Daunting as it may seem to keep track of all the possible signs of deception—facial cues, gestures, leg movements—think of how difficult it is to be the deceiver. To tell a convincing lie, you must keep all the details of your story straight. And not only that, you must sell it with appropriate body language, while trying to avoid leaking any emotional clues that would give the lie away.
It’s so difficult to keep a false story going that you’d think it would be easy to catch a liar in the act. Yet it isn’t. We still catch only about 50% of lies. We’re terrible at reading facial expressions and body language. And we’re not much better at listening to the words.
So what are we to do? Listen more carefully, for starters. While liars are more likely to rehearse their words than their body language, there are a number of telltale signs that still leak out. From word choice to vocal tone to the chronology of stories, the trained liespotter has several verbal clues with which to work. Knowing the potential slip-ups, you can zero in on suspicious language, ask questions, and spot the lies.
Here are 10 common ways that liars use words to obscure the truth, so you can be on guard for deception:
- Liars will repeat a question verbatim. Hey Charles, did you send the email to Jackie? Did I send the email to Jackie? If this is Charles’s response, you have your answer—he didn’t send it yet. Repeating a question in full is a common stalling tactic used by people looking for an extra moment to prepare their deceptive reply. In natural conversation, people will sometimes repeat part of a question, but restating the entire question is highly awkward and unnecessary—they clearly heard you the first time.
- Liars will take a guarded tone. If Charles had replied to the direct question by lowering his voice and asking, What do you mean?, a lie may well have been in the works. A suspicious or guarded approach isn’t usually called for, and may indicate that he’s concealing something—whether it’s the truthful answer or his attitude toward you for asking the question in the first place.
- Liars won’t use contractions in their denials. Bill Clinton provides the classic example of what interrogators call a “non-contracted denial” when he said “I did not have sexual relations with that woman.” The extra emphasis in the denial is unnecessary if someone is telling the truth. I didn’t have sex with her is how the honest person is likely to phrase his claim of innocence. Clinton said a lot more than he realized with his words.
- Liars tell stories in strict chronology. To keep their stories straight, liars tend to stick to chronological accounts when relating an event. They don’t want to get tripped up by an out-of-place detail—there’s enough to think about already. But this isn’t how we talk when being truthful. We relate stories in the way we remember them, not in strict chronological order. That’s because memorable events carry an emotional component too. Often we’ll lead with the most searing emotional moment, and jump around in time.

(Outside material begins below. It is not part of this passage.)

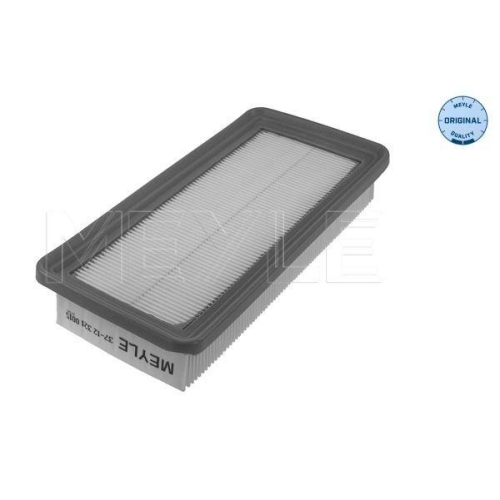 MEYLE Luftfilter MEYLE-ORIGINAL: True to OE.
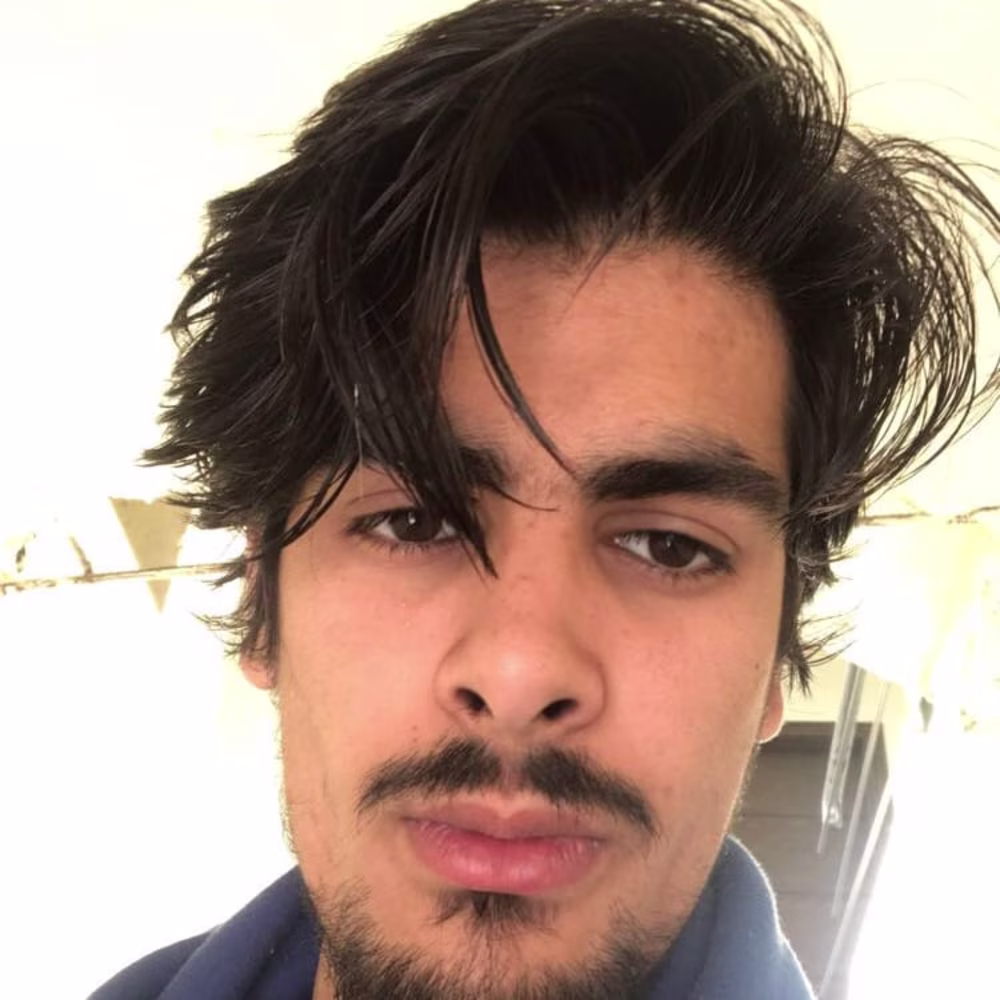 Kamran S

- Liars love euphemisms. It’s human nature not to implicate ourselves in wrongdoing. This holds true even for liars, who will shy away from dwelling on their deception if possible. One way they do this is opting for softer language—instead of saying “I didn’t steal the purse” they may say “I didn’t take the purse.” If you ask someone a direct question about their involvement in an incident and they change your words to something softer, raise your deception antennae.

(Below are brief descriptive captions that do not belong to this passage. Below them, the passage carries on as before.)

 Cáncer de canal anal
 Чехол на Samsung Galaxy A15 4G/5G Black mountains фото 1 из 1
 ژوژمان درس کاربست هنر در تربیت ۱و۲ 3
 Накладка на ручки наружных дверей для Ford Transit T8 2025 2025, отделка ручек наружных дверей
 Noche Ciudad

- Liars overemphasize their truthfulness. “To tell you the truth…” “Honestly…” “I swear to you…” Oh, if only it were so! When people use these bolstering statements to emphasize their honesty, there’s a good chance they are hiding something. Learning to baseline someone’s normal behavior is important in situations such as this: You want to listen for normal or harmless use of such phrases. There’s no need to add them if you really are telling the truth, so be on guard.
- Liars avoid or confuse pronouns. We use a fair amount of pronouns in normal conversation. They are a sign of comfortable speech, and they may disappear or be misused by someone who is trying to be extra careful with his words. A liar may say “You don’t bill hours that you didn’t work” instead of making the clear first- person statement: “I don’t bill hours I didn’t work.”

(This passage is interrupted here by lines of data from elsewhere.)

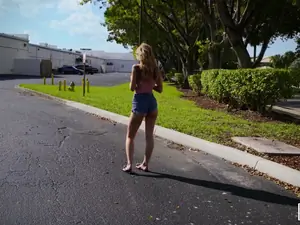 Pervs On Patrol - Consoling Kali - 02/12/2020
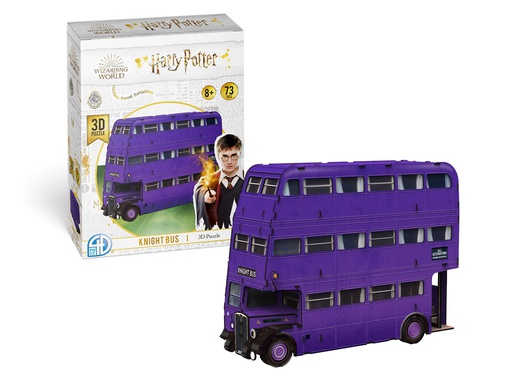 [ RE00306 ] Revell Harry Potter &quot;Knight Bus&quot; 3D Puzzel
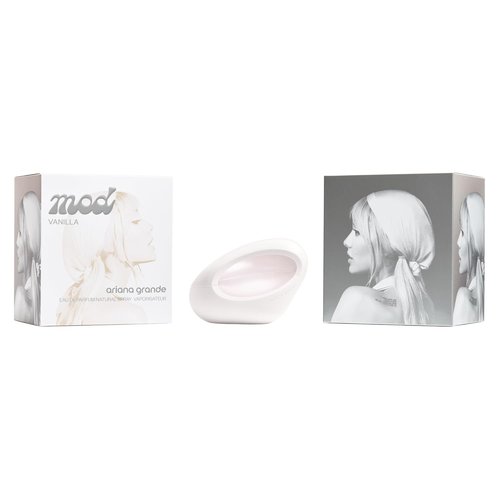 Ariana Grande MOD Vanilla Eau De Parfum - Luxurious Gourmand Musk Fragrance for Women - 3.4 Fl Oz
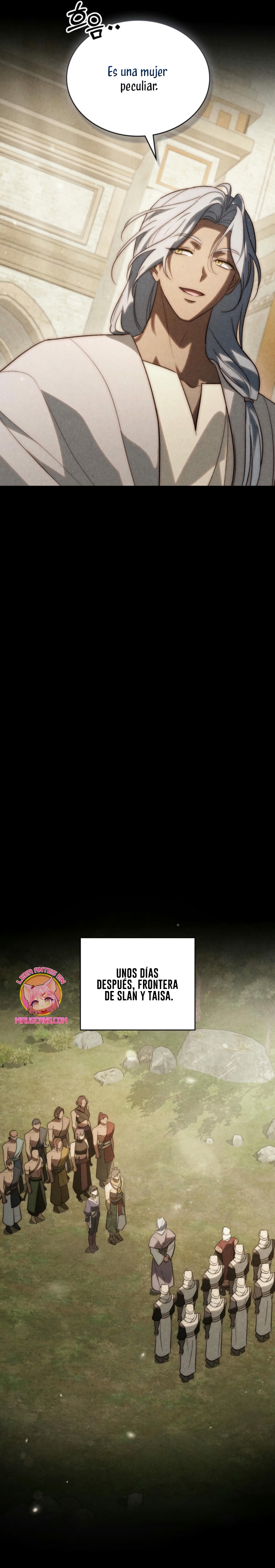 Si besas a un dios con los ojos vendados Capítulo 76 - Página 24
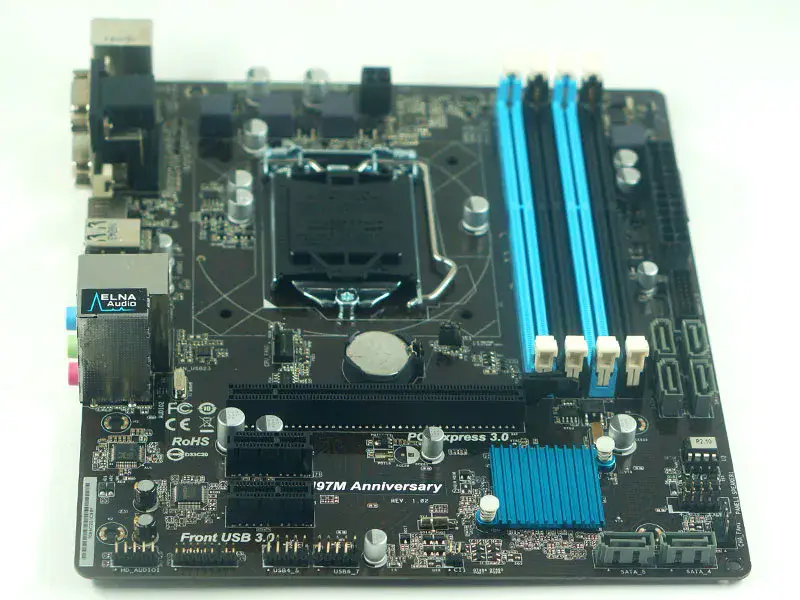 Základní deska Asrock H97M Anniversary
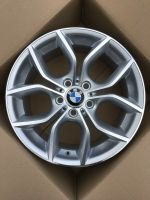 BMW X3 F25 X4 F26 18 Zoll Y Speiche 308 Alu 6787579 8Jx18 ET43 Hessen - Maintal Vorschau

- Liars use long introductions but skip over main events. When a liar wants to build credibility, she will pad her story with as much factual content as possible. The Israeli researcher Avinoam Sapir found that deceptive individuals will add more detail around the prologue of a story, but gloss over the main event where the deception comes into play. Careful listeners can pick up on this lopsided storytelling style and use the BASIC method to zero in on the missing details with specific questions.
- Liars give very specific denials. We’ve already discussed the human impulse to avoid implicating ourselves. So we can expect liars to be very particular in what they say and don’t say. Truth-tellers have no problem issuing categorical denials—I never cheated anyone in my whole life—where as the liar will choose his words ever so carefully.
- Liars hedge their statements. We hear them in court testimony, political hearings and TV confessional interviews all the time: qualifying statements that leave an out for the person on the hot seat. “As far as I recall…” “If you really think about it…” “What I remember is…” Hedged statements aren’t an absolute indicator of deception, but an overuse of such qualifying phrases certainly should raise suspicion that a person isn’t being totally up front with what he or she knows.
Even without the benefit of being able to watch body language and facial expressions, the careful listener can do a fair bit of liespotting just from the words liars choose to use.